Едва слышно выдохнув, мореман зачем-то начал по дуге обходить труп. Лишь мгновение спустя я сообразил, что он нацелился на брошенное кем-то копье. Ну да, в непонятном огнестреле чужаков мы толком разобраться не успели, поэтому решили его не брать, а короткий топор — даже со щитом — не давал необходимой уверенности.
Завладев брошенным оружием, напарник ощутимо укрепился в своей решимости. Уже безо всяких петляний, он приблизился к телу, и осторожно подсунув под него древко — и раз! — успевший задеревенеть труп перевернулся на спину.
«…Мать моя женщина!» — вздрогнул я мысленно.
Вся правая половина лица мертвеца, выглядела как огромный синяк, при этом никаких легкоразличимых травм видно не было. Наш ветеран — тот самый, что агитировал меня поучаствовать в конкуре на звание местного князя — умер мучительно, но не совсем понятно, отчего. Белые бельма вместо глаз и оскаленный рот, выглядевший так, будто перед смертью мужик грыз землю.
«…От боли что ли?»
— Да что за хрень с ним произошла… — прокомментировал Ромка увиденное, и принялся еще более активно бросать опасливые взгляды по сторонам.
«…Ага, сейчас эта тишина вот нифига же не радует…» — мысленно согласился я, и ответил Боцману красноречивым пожатием плеч, наверное, просто опасаясь шуметь.
— Идем дальше? — уточнил напарник едва слышано.
Из-за всех этих петляний вокруг трупа, теперь Ромка оказался уже слева от меня. Мне показалось это не очень правильным, но после недавней неловкости, лезть с глупостями я не стал.
— Идем! — крутнув тесак, я двинулся ко второму костру.
Как и первый, он еще не успел окончательно потухнуть, но благодаря походной привычке разжигать огонь в углублениях, был едва виден и не особо хорошо освещал пространство вокруг себя. А уж с расстояния в десяток шагов — и вовсе едва перемигивался.
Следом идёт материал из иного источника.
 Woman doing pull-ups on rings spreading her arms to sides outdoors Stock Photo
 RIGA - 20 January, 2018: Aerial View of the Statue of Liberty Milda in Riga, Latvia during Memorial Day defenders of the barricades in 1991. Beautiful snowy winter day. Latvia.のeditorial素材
«…Блин, стоп! Что за мигание такое…»
Догадка еще не успела оформиться в мысль, когда из темноты на нас надвинулось кто-то здоровенный. Раздвинув темноту, неизвестный появился слева, и первым на него, естественно, отреагировал Ромка.
Почти автоматически он сделал выпад навстречу, и подобранное всего пару минут назад копье с хрустом пробило нагрудную хитиновую пластину нашего гостя, пробив его навылет.
— О, Господи, Репей, прости меня! Я же не хотел!!! — взвыл обреченно Ромка.
Да, это он, похоже, и впрямь зря вышел нам на встречу. Ворчливый толстяк все еще стоял, беззвучно разевая рот, но был уже мертв. Просто его крупное тело пока еще не согласилось с этим.
— Глеб, ну ты же видел? — продолжал надрывать мореман, осознавший, что убил своего.
Наконец, ноги под толстяком подломились, но питерский копьеносец не позволил телу рухнуть под собственным весом. За мгновение до этого он уцепился за плечи очередного мертвеца, и как мог смягчил его падение.